– On dirait pourtant que les acteurs de l’ancienne presse sont, pour la plupart, encore présents de nos jours.
– C’est exact. En revanche, les titres qui, il y a quelques décennies, représentaient encore des symboles de l’information crédible – du New York Times à la BBC –, sont entre temps très clairement entrés au service d’un programme politique progressiste.
– Quel est le rapport entre l’idéologie progressiste et la transformation des médias ?
– Aux défis susmentionnés, les milieux progressistes ont répondu par l’idée que les médias doivent à tout prix devenir des haut-parleurs politiques des conceptions progressistes de la gauche libérale, parce que c’est le seul moyen pour eux de conserver leur capacité d’influence, et pour ces médias de faire fonctionner leur modèle économique. Cela a totalement renversé la logique du pluralisme de l’information : jadis, le principe central des médias libéraux était la sacro-sainte objectivité des nouvelles, qu’il faut à tout prix distinguer de l’opinion ; le plus important, c’était la crédibilité de l’information ; alors qu’aujourd’hui, le principe central, c’est la défense du programme de l’idéologie progressiste libérale. Les conservateurs occidentaux se plaignent pratiquement tous, du premier jusqu’au dernier, d’avoir vu leurs opinions presque totalement bannies des médias mainstream.
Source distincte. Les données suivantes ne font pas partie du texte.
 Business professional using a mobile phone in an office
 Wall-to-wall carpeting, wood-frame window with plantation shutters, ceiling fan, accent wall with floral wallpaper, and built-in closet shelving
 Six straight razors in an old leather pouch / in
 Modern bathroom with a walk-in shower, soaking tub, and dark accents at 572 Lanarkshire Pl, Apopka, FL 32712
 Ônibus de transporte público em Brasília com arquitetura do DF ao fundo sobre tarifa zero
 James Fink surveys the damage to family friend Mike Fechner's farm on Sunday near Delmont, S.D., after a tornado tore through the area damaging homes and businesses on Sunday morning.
D’où l’importance de la mission de la presse conservatrice, qui est de compenser ce déséquilibre en voie d’apparition, et de s’assurer que les opinions qui divergent du mainstream puissent elles aussi s’exprimer. Il faut relever le gant, sans quoi nous sommes partis en direction d’un monde de type « orwellien soft ».
– Dans cette situation, que peut faire l’Etat ?
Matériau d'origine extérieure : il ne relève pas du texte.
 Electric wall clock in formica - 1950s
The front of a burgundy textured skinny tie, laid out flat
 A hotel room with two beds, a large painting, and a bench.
– Sa mission est double : d’une part, protéger la liberté d’expression, car il n’est pas tolérable que des déclarations soient censurées en vertu de critères idéologiques ; d’autre part, agir d’une façon ou d’une autre contre celles des opinions qui vont à l’encontre du droit. Ce sont là des tâches qu’on ne peut pas sous-traiter à des plateformes médiatiques – l’Etat doit prendre part à la sécurisation des espaces publics et faire respecter la loi. C’est là, à vrai dire, la position de l’Occident tout entier – à l’exception de ceux qui ont intérêt à entretenir le trouble qui règne actuellement.